--- RECORDS SHOWN Enclosed Below ---

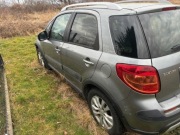 Suzuki SX4 uszkodzony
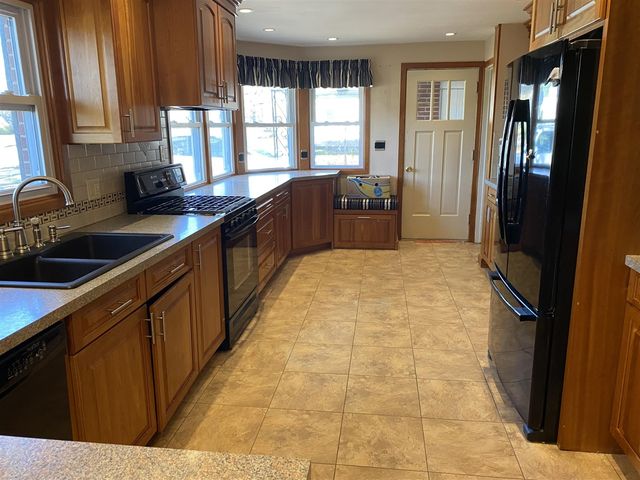 616 S Stewart Avenue, Fremont, MI 49412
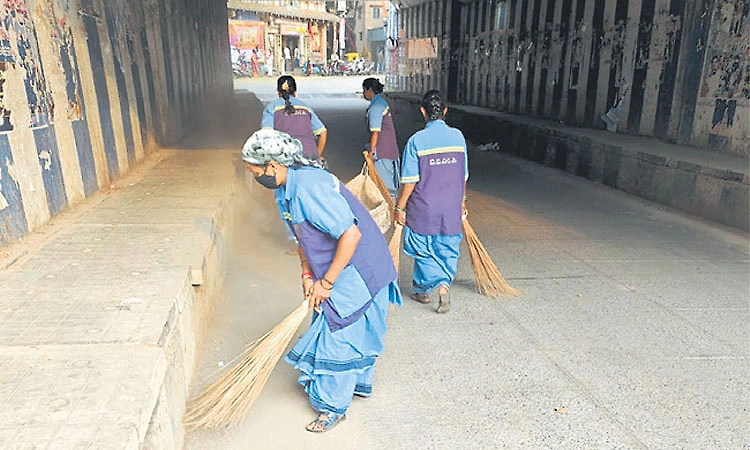 BBMP clears 4 tonnes of waste from 20 flyovers and 8 underpasses in Bengaluru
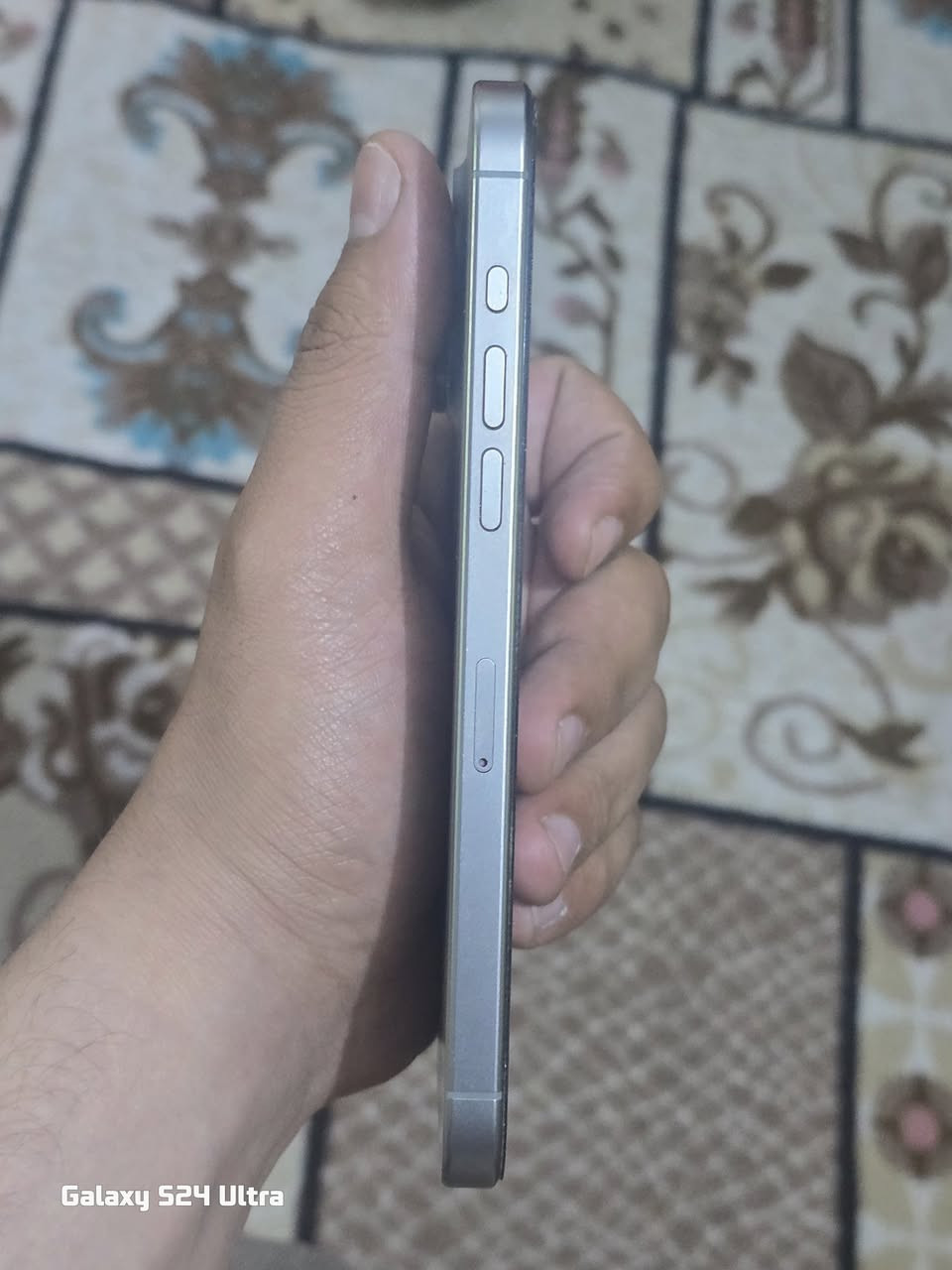 السلام عليكم ١٥ برؤ ماكس مكفول شرق اوسط تك بطاريه ٩٧ نضافه ١٠٠% السعر ١٢٠٠ او مراوس ب١٧ برؤ ماكس معا الفرق المكان النجف الاشرف ***********
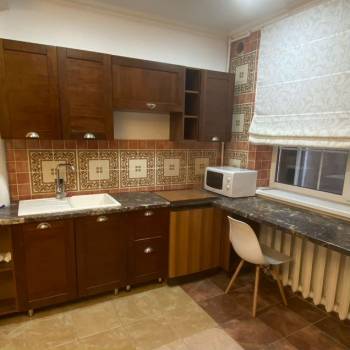 Сдается 1-комнатная квартира, 35 м²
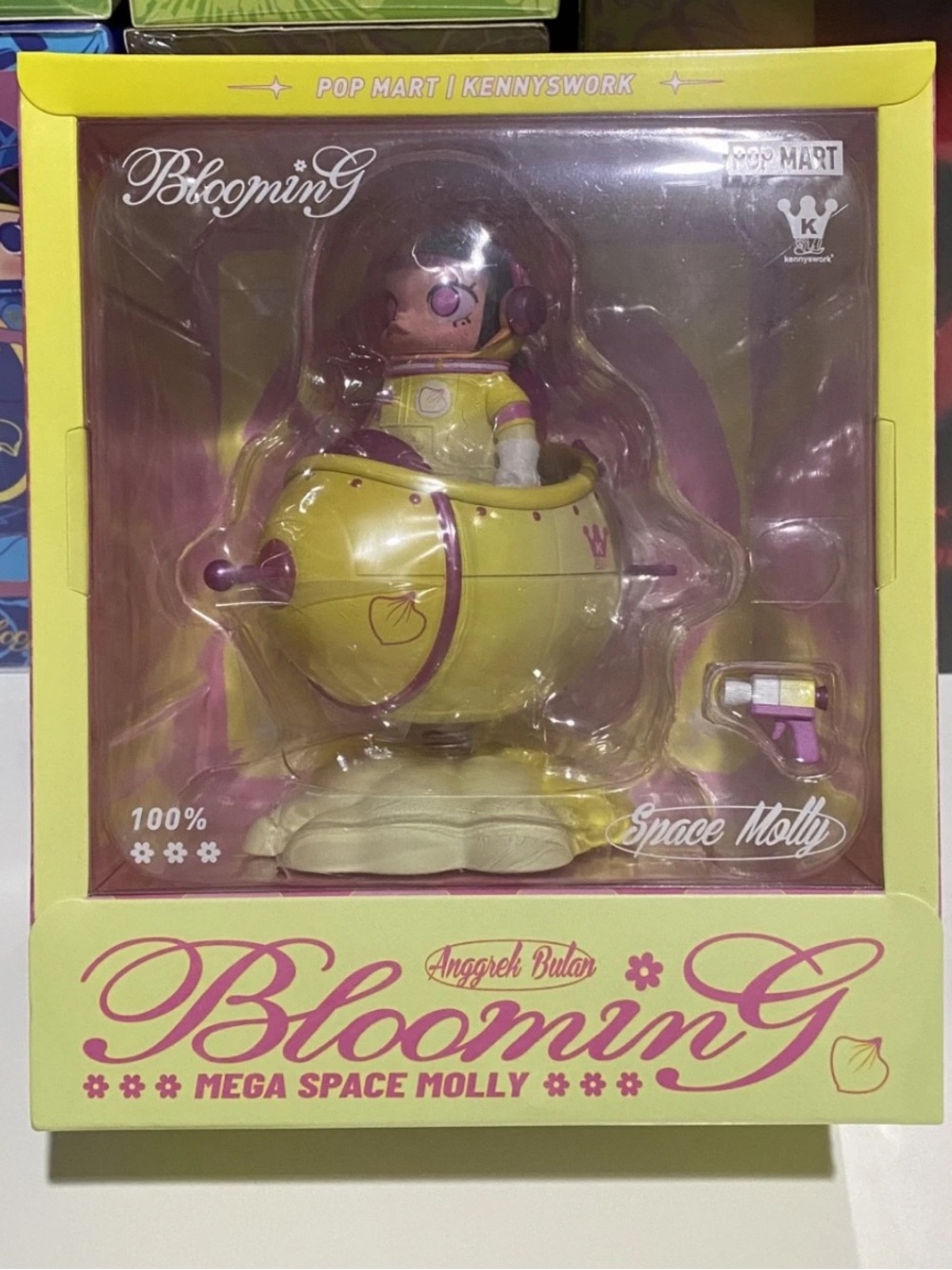Blooming Mega Space Molly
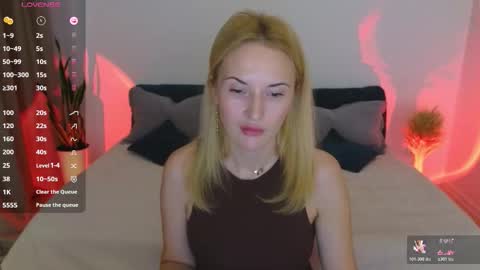 alisssarose online show from 11/06/25, 10:54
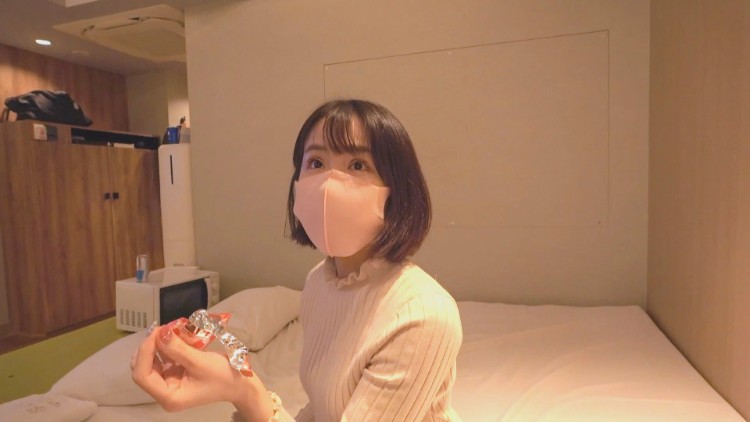 苗条美丽的女孩的偶像脸与最可爱的孩子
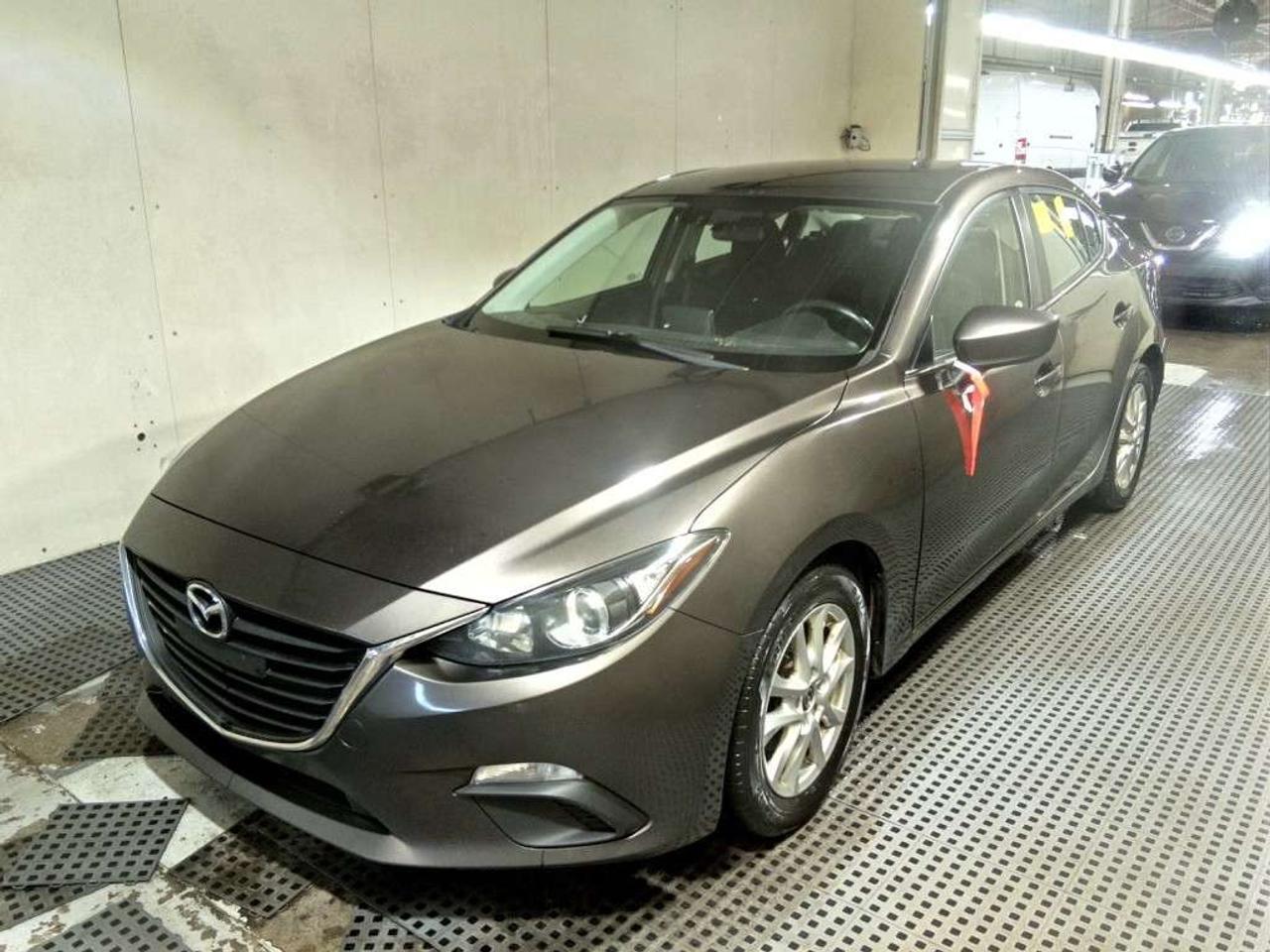 2015 Mazda 3 GX Photo0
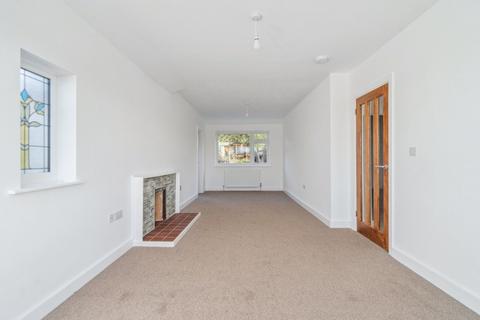 2 bedroom detached bungalow for sale, Greenfield Avenue, Watford, WD19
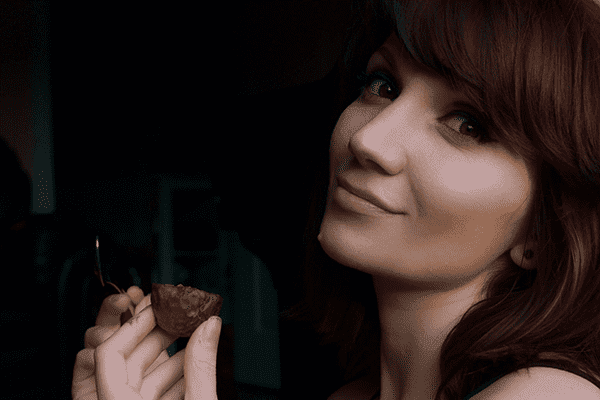 Frau isst eine Passionsfrucht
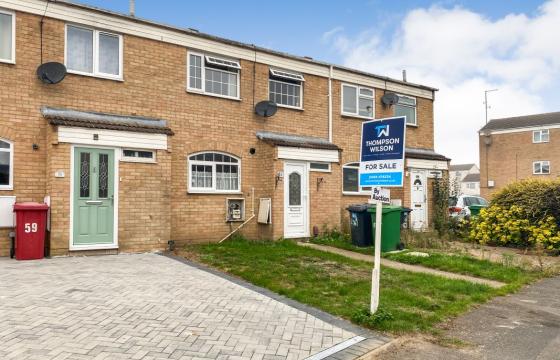 House requiring refurbishment in Slough photo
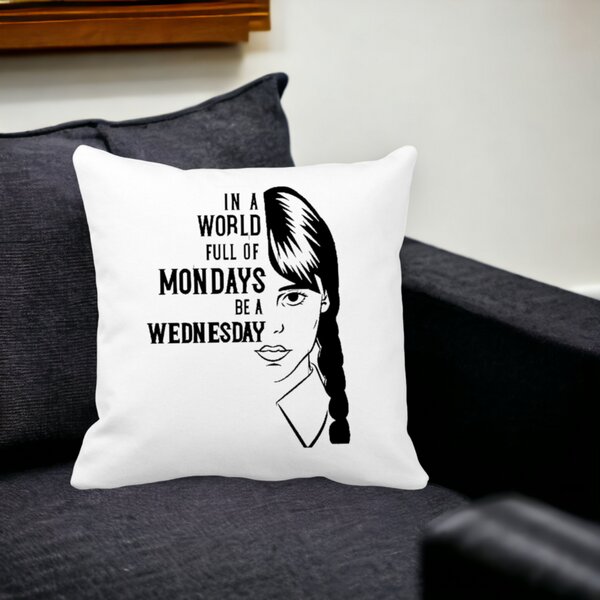 Perna Decorativa Wednesday Addams si Text, 40x40 cm, Alba, Mata, Husa Detasabila, Burduf 14 40x40 cm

--- End of Enclosed RECORDS SHOWN ---

--- AIM OF THE TASK ---
Write out again the lines from the one with "Blooming Mega Space Molly" through the end of the records exactly, without any of the pictures.

--- COMPLETED EXERCISE ---
Blooming Mega Space Molly
 alisssarose online show from 11/06/25, 10:54
 苗条美丽的女孩的偶像脸与最可爱的孩子
 2015 Mazda 3 GX Photo0
 2 bedroom detached bungalow for sale, Greenfield Avenue, Watford, WD19
 Frau isst eine Passionsfrucht
 House requiring refurbishment in Slough photo
 Perna Decorativa Wednesday Addams si Text, 40x40 cm, Alba, Mata, Husa Detasabila, Burduf 14 40x40 cm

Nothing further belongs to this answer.